Craft beer might be getting all the attention right now, but it’s all cider all the time at Great Society, the first bar in Southern California dedicated to sourcing and serving America’s historic boozy beverage in all its modern-day glory.
The long-awaited bar and eatery opened in downtown Long Beach Thursday night with a 20-deep tap list, which reads more like a craft beer lineup from an alternate, gluten-free universe than the Angry Orchard crap we’ve become accustomed to. On draft were hard apple ciders dry-hopped with Centennial, Cascade and Columbus hops; an oak-aged dry cider made with heirloom Washington apples; and a pink prickly-pear cider infused with adjuncts like basil and agave nectar, among others.
Then there are the meads, made from fermented honey, which are the other slice of Great Cider’s uncommon focus. On tap were meads made from blackberries and cloves, from blends of apricots and honey, and a 12% ABV one made in Oceanside fermented with Belgian ale yeast like your favorite Trappist beer. Next week, the selection may be entirely different.
America is in the midst of a contemporary craft cider revolution that is running parallel to (though slightly more under the radar than) the now nearly mainstream craft beer one. And while the East Coast may be the ancestral home of these artisanal takes on hard cider (it is where the early settlers first made theirs, after all), market research shows that L.A.’s health-conscious consumers and rabid gluten-free crowd have helped make it the largest market for cider in the United States, based on sales volume.
Unfortunately, most of those sales are for ciders that taste more like liquid Jolly Ranchers than apples – for now. Great Society’s interior design is intent on propagating cider love across the land, and its selection so far represents an exciting cross-section where even beer nerds can get acquainted with the flavor possibilities of fermented apples, honey and more.
L.A. County’s two cider makers are well represented at Great Society. Honest Abe opened in Gardena earlier this year and makes both ciders and meads (on draft were a tart, fruit-forward cider made with apples grown in the San Bernardino Mountains as well as a strawberry mead). And the year-old Westlake Village’s 101 Cider is as close to a powerhouse as a small-batch cidery can be, with owner Mark McTavish launching a cider distribution company as well as last year’s first L.A. Cider Fest, plus making dozens of his own creative and complex ciders available around town in bottles and kegs (they’re the creators of the aforementioned prickly-pear cider as well as a special, salty gose-style release made exclusively for Great Society’s opening).
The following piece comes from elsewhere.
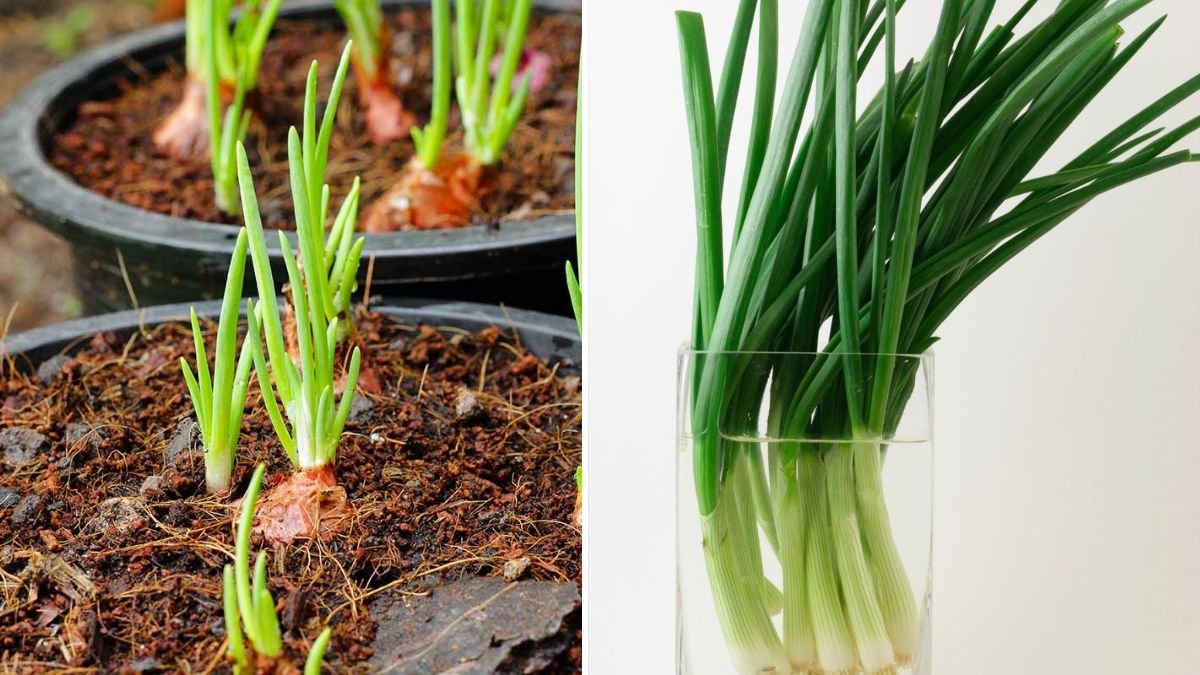 How to Successfully Grow Spring Onion Greens in Water for New Gardeners and Culinary Enthusiasts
Because Great Society is the only SoCal bar specializing in cider and mead, expect lots of special events with the two local cideries along with hard-to-find kegs and bottles from popular craft brands such as B.Nektar, Wandering Aengus, Reverend Nat’s and more.
Soft opening hours are 4:30 p.m. to 11 p.m. Tuesday and Wednesday, 4:30 p.m. to midnight on Thursday and Friday, 11:30 a.m. to midnight on Friday and Saturday, and 11:30 a.m. to 10 p.m. on Sunday. Food includes small plates, meat skewers, seasonal salads and flatbreads, with more dishes to be added as the kitchen gets its sea legs.